Re: Flink multithreading, CoFlatMapFunction, CoProcessFunction, internal state

2017-08-21 Thread Nico Kruber
Hi Chao,
what I meant by "per-record base" was actually supposed to be "per-event base" 
(event = one entity of whatever the stream contains). As from the API: 
processing is supposed to be one event at a time and this is what is performed 
internally, too.

Nico

On Thursday, 17 August 2017 05:06:07 CEST Chao Wang wrote:
> Thank you! Nico. That helps me a lot!
> 
> 2a) That really clarifies my understanding about Flink. Yes, I think I
> have used static references, since I invoked a native function
> (implemented through JNI) which I believe only has one instance per
> process. And I guess the reason why those Java synchronization
> mechanisms were in vain is because of separate function objects at
> runtime, which results in separate lock objects. Now I use c++ mutex
> within the native function and it resolves my case.
> 
> BTW, could you elaborate a bit more about what do you mean by
> "per-record base"? what do you mean by a record?
> 
> 3) I do not intend to store the CoProcessFunction.Context. I was just
> wondering that since the document said it is only valid during the
> invocation, for maintaining custom states of my program logic I guess I
> cannot use it.
> 
> 
> Thank you,
> Chao
> 
> On 08/16/2017 03:31 AM, Nico Kruber wrote:
> > Hi Chao,
> > 
> > 1) regarding the difference of CoFlatMapFunction/CoProcessFunction, let me
> > quote the javadoc of the CoProcessFunction:
> > 
> > "Contrary to the {@link CoFlatMapFunction}, this function can also query
> > the time (both event and processing) and set timers, through the provided
> > {@link Context}. When reacting to the firing of set timers the function
> > can emit yet more elements."
> > 
> > So, imho, both deliver a different level of abstraction and control (high-
> > vs. low-level). Also note the different methods available for you to
> > implement.
> > 
> > 2a) In general, Flink calls functions on a per-record base in a serialized
> > fashion per task. For each task at a TaskManager, in case of it having
> > multiple slots, separate function objects are used where you should only
> > get in trouble if you share static references. Otherwise you do not need
> > to worry about thread-safety.
> > 
> > 2b) From what I see in the code (StreamTwoInputProcessor), the same should
> > apply to CoFlatMapFunction and CoProcessFunction so that calls to
> > flatMap1/2 and processElement1/2 are not called in parallel!
> > 
> > 3) why would you want to store the CoProcessFunction.Context?
> > 
> > 
> > Nico
> > 
> > On Monday, 14 August 2017 18:36:38 CEST Chao Wang wrote:
> >> Hi,
> >> 
> >> I'd like to know if CoFlatMapFunction/CoProcessFunction is thread-safe,
> >> and to what extent? What's the difference between the two Functions? and
> >> in general, how does Flink prevent race conditions?
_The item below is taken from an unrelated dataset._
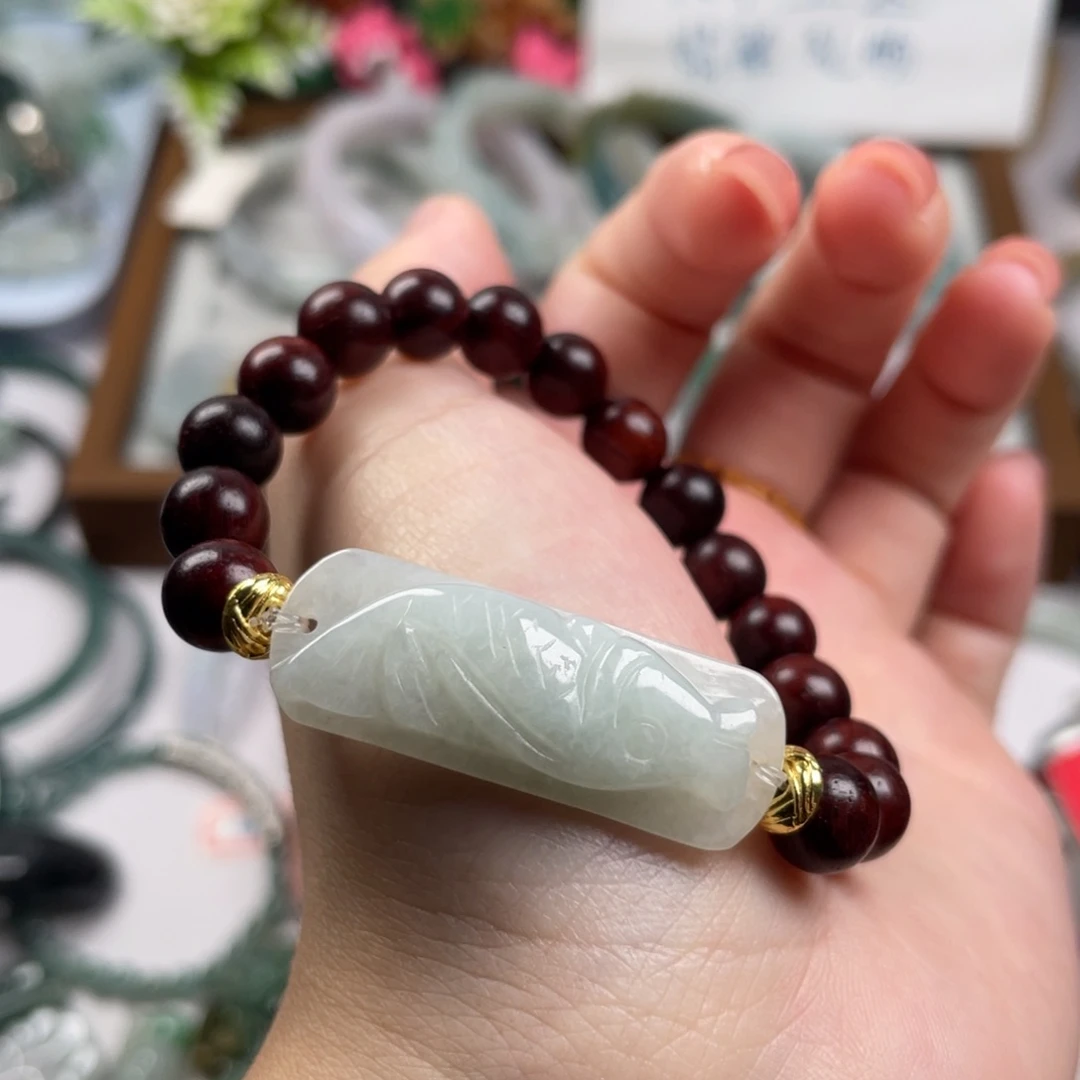 翡翠未镶嵌吊坠(赠链)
Here's my case:
> >> 
> >> I tried to condition on two input streams and produce the third stream
> >> if the condition is met. I implemented CoFlatMapFunction and tried to
> >> monitor a state using a field in the implemented class (I want to
> >> isolate my application from the checkpointing feature, and therefore I
> >> do not use the states as documented here
> >> https://ci.apache.org/projects/flink/flink-docs-release-1.3/dev/stream/st
> >> ate .html). The field served as a flag indicating whether there are some
> >> pending data from either input stream, and if yes, processing it along
> >> with the arriving data from the other input stream (the processing
> >> invokes a native function).
> >> 
> >> But then I got double free error and segmentation fault, which I believe
> >> was due to unintentional concurrent access to the native function. Then
> >> I tried to wrap the access into a synchronized method, as well as
> >> explicitly lock/unlock the flatMap1/flatMap2 methods, but all in vain
> >> and the error remained.
> >> 
> >> I considered using CoProcessFunction in my case, but seems to me that it
> >> does not handle customary internal states, stating in the javadoc "The
> >> context [CoProcessFunction.Context] is only valid during the invocation
> >> of this method, do not store it."
> >> 
> >> 
> >> 
> >> Thanks,
> >> Chao



signature.asc
Description: This is a digitally signed message part.


Re: Flink multithreading, CoFlatMapFunction, CoProcessFunction, internal state

2017-08-16 Thread Chao Wang

Thank you! Nico. That helps me a lot!

2a) That really clarifies my understanding about Flink. Yes, I think I 
have used static references, since I invoked a native function 
(implemented through JNI) which I believe only has one instance per 
process. And I guess the reason why those Java synchronization 
mechanisms were in vain is because of separate function objects at 
runtime, which results in separate lock objects. Now I use c++ mutex 
within the native function and it resolves my case.


BTW, could you elaborate a bit more about what do you mean by 
"per-record base"? what do you mean by a record?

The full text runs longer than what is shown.